How I Got the Shot: Lightning Photography with Michael Dellitalia

Iinitially went up to my rooftop in Williamsburg, Brooklyn at dusk to do some moon shots, because the particular phase would render an image with interesting detail due to side lighting. I got some captures that were OK, but as I was packing up my gear, I noticed that the sky was getting darker and darker, and when I looked towards Manhattan, there was a brilliant orange glow emanating from the horizon.

The wind was picking up and there were lightning strikes and thunder claps beginning in the distance, but I climbed up on my building’s skylight.

While clutching onto my tripod (literally, to keep it from flying away), I was able to fire off a couple shots, and with some luck from the universe, I got the photo you see, which arrested a large bolt of lightning juxtaposed over the Manhattan skyline. 

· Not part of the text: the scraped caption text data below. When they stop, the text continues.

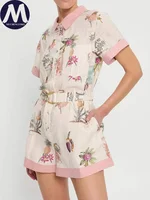 Women's Summer Jumpsuit 2025 New Printed Half Sleeve Lapel Shirt Jumpsuit Fashionable Casual Loose Belt Women Jumpsuit Shorts - Image 4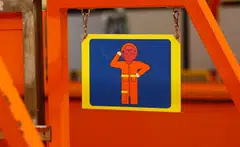 A warning sign seen inside the controlled area of a reactor block at German energy giant EnBw’s nuclear power plant, which was shut down earlier this year.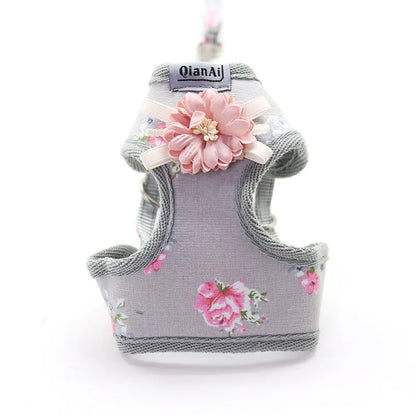 Floral Dog Leash with Pet Chest Harness for Summer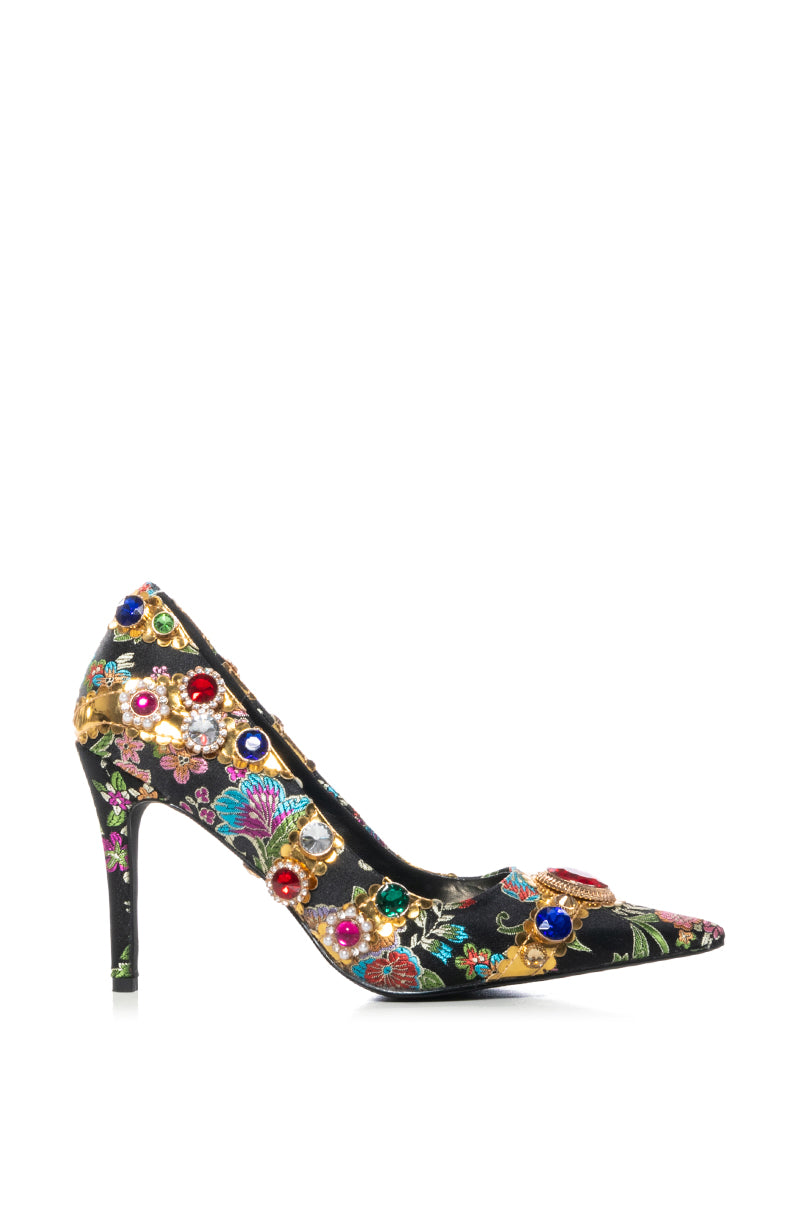 AZALEA WANG FORAGE BLACK EMBELLISHED PUMP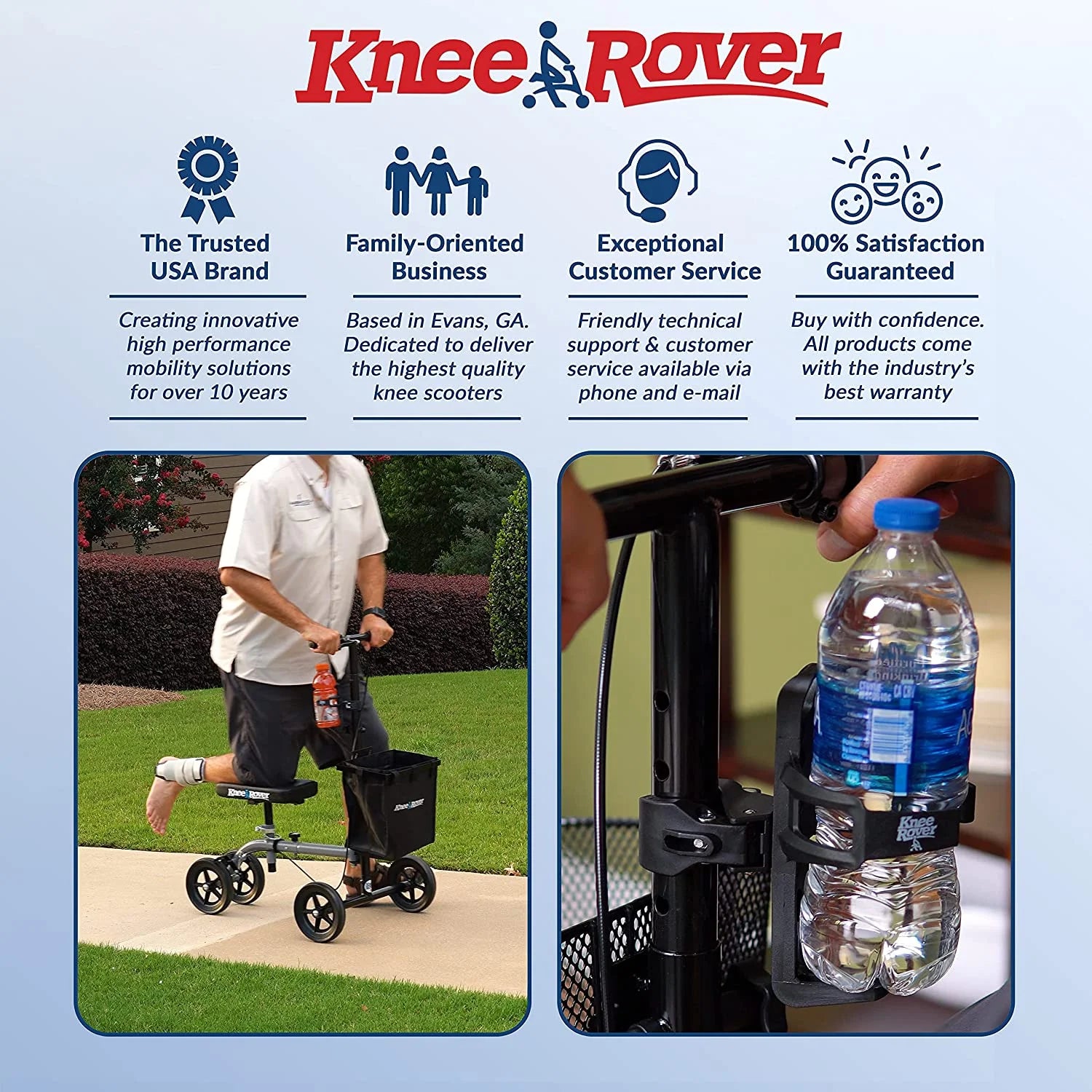 Universal Cup Holder Bottle Holder Accessory for Knee Scooter Walkers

Photo by Michael Dellitalia

The gear used:

  • Nikon D7000
  • Nikon AF-S Nikkor 70-300mm lens 1:4.5-5.6G, at 70mm
  • Aperture F22
  • Shutter Speed 1.3 Seconds

I chose the Nikon system because my first camera was the Nikon F3 (I inherited it from my father, who is an accomplished photographer and has very influential in my development as a photographer), and I’ve grown to appreciate the quality of Nikon optics. In more recent years, I’ve loved the ergonomics of their digital cameras and the layout of the custom setting menu. I chose this lens because it’s sharp, lightweight, economical, and allowed me to work quickly.

In order to get the shot, I used C3 (custom setting 3) self-timer. The setting that I used was “number of shots” — 9. The interval between shots was 1 second. I had a mirror lock up set, and I also had Custom Function D11 “exposure delay mode.” With the combination of mirror lock up, self-timer, and exposure delay mode, I minimized any chance of motion blur caused by the mirror rising and falling.

People wonder how long it took me to get the shot. The answer is simple: “It took me my whole life.”

It’s decades of shooting and using my judgment to know how to pre-visualize the image and execute it. Nikon put the tools in my hand to create this story.